La storia che vi voglio raccontare proviene dagli USA, la terra in cui hanno visto la luce la maggior parte delle applicazioni con cui interagiamo ogni giorno: whatsappp, facebook, twitter e compari. Ma più che di storia, dovremmo parlare al plurale, di “storie” quindi. Le decine di storie di persone che per colpa di un messaggio postato sui social e accompagnato da un emoticon si sono ritrovati davanti ad una corte di giustizia americana. Proviamo a raccontarne una.
Lui è Osiris Aristy, un giovane utente americano 17enne. Sul suo profilo una foto con lo sguardo da duro, pantalone a vita bassa, capelli lunghi raccolti in dread. La mattina del 15 gennaio si sveglia e decide di lasciare al mondo un messaggio da vero gangster, affidandolo alla sua bacheca facebook, in cui saluta i suoi compagni, per poi concludere il post con l’emoticon della faccia di un poliziotto e due pistole rivolte verso di lui. Un messaggio di minaccia, probabilmente non un reale pericolo ma semplicemente un modo per farsi notare dagli amici e strappare qualche like. Peccato che, visti i precedenti penali del ragazzo per aggressione e minacce a pubblico ufficiale, le autorità non l’abbiano inteso nello stesso modo. Tre giorni dopo Osiris viene arrestato e processato con l’accusa di minacce nei confronti della pubblica autorità. Esatto, ad incriminarlo è stato anche (o soprattutto) quegli emoji che hanno concluso il suo messaggio.

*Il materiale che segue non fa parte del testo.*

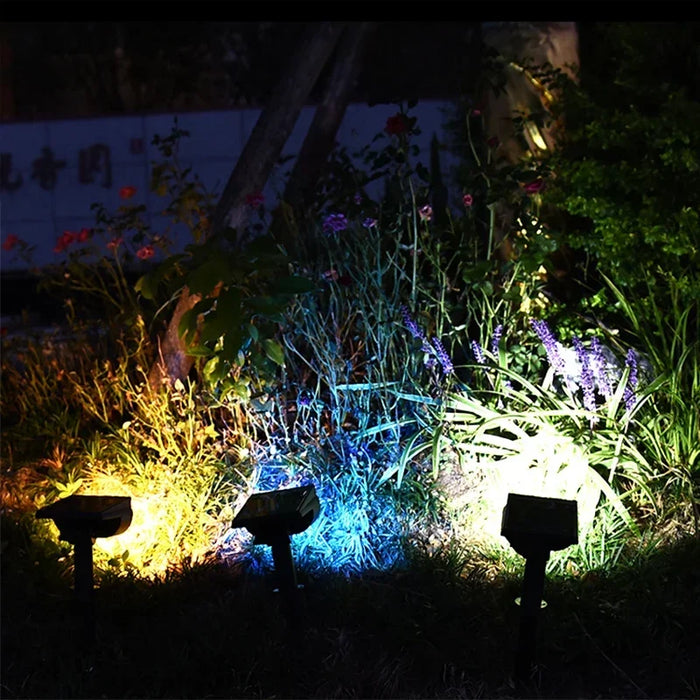 7LED Solar Spotlight – Adjustable IP65 Waterproof Solar Powered Landscape Wall Light for Garden, Pathway, and Yard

E di Aristy, che finiscono sotto processo per alcune emoticon di troppo, negli Stati Uniti ce ne sono a decine. Spesso basta anche la classica emoticon con l’occhiolino – un 😉 – per essere incolpati di atti persecutori o minacce. Ma questa è l’America, ovvero la terra delle esagerazioni, si sa. Da noi, invece, come funziona?
Certo in Italia gli emoticon ancora non costituiscono ancora una prova all’interno di un processo penale, ma comunque i social network stanno avendo sempre più importanza nella nostra quotidianità e il nostro sistema legislativo non può esserne indifferente. Le emoticon hanno la stessa forza – anzi in alcune casi anche superiore – delle parole, e come tali potrebbero essere trattate dai nostri giudici.

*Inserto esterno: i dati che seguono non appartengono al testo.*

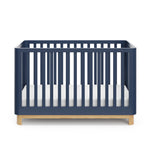 3-in-1 convertible crib different version front view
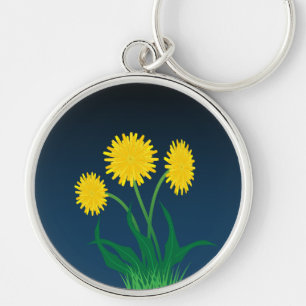 Yellow Dandelions Key Ring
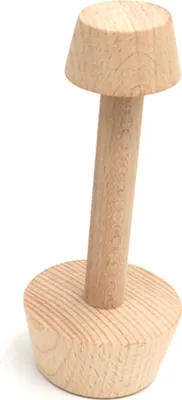 Obrázek produktu pro Vejce Tarts Tamper Double Side Dřevěné pečivo Pusher DIY Pečení Tvarování Kuchyňský nástroj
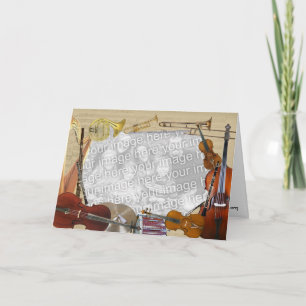 Orchestra Instruments Customisable Photo Frame Invitation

Aveva fatto scalpore lo scorso anno la prima sentenza di diffamazione per un messaggio postato via social network. Quello che da tutti era visto come un utopia, una colpa che si sarebbe persa nella “terra di nessuno” della rete. Invece no, anche se scriviamo in forma anonima, con i nickname appunto, tutto nel mare del world wide web è tracciabile attraverso gli Ip e, di conseguenza, è punibile civilmente e penalmente.
Già una sentenza del 2013 del tribunale di Santa Maria di Capua Vetere lo aveva confermato: messaggi e immagini su facebook, in quante destinante a soggetti terzi – e quindi pubbliche – non possono essere coperti da segreto e di conseguenza possono essere utilizzate come fonte di prova. Diverso invece il caso dei messaggi di posta elettronica e di messaggistica istantanea: non sono messaggi pubblici e in quanto tale non dovrebbero essere utilizzati come prova in un processo, eccetto se il giudice non li indica come necessari per attestare la verità della notizia di reato.
Sulle emoticon, invece, non si è espresso ancora nessuno. Questo non vuol dire però che siamo al sicuro quando le utilizziamo. Ancora di più, e l’esempio americano lo conferma, se il loro uso rafforza il significato di un messaggio con il quale, ad esempio, minacciamo qualcuno o lo diffamiamo. Quindi, come sempre, utilizziamo massima attenzione quando lasciamo qualche messaggio, anche ironico, durante il tempo speso in rete. Se compiamo un reato siamo sempre rintracciabili e, a differenza di come il reato è stato compiuto, le sanzioni saranno tutt’altro che virtuali.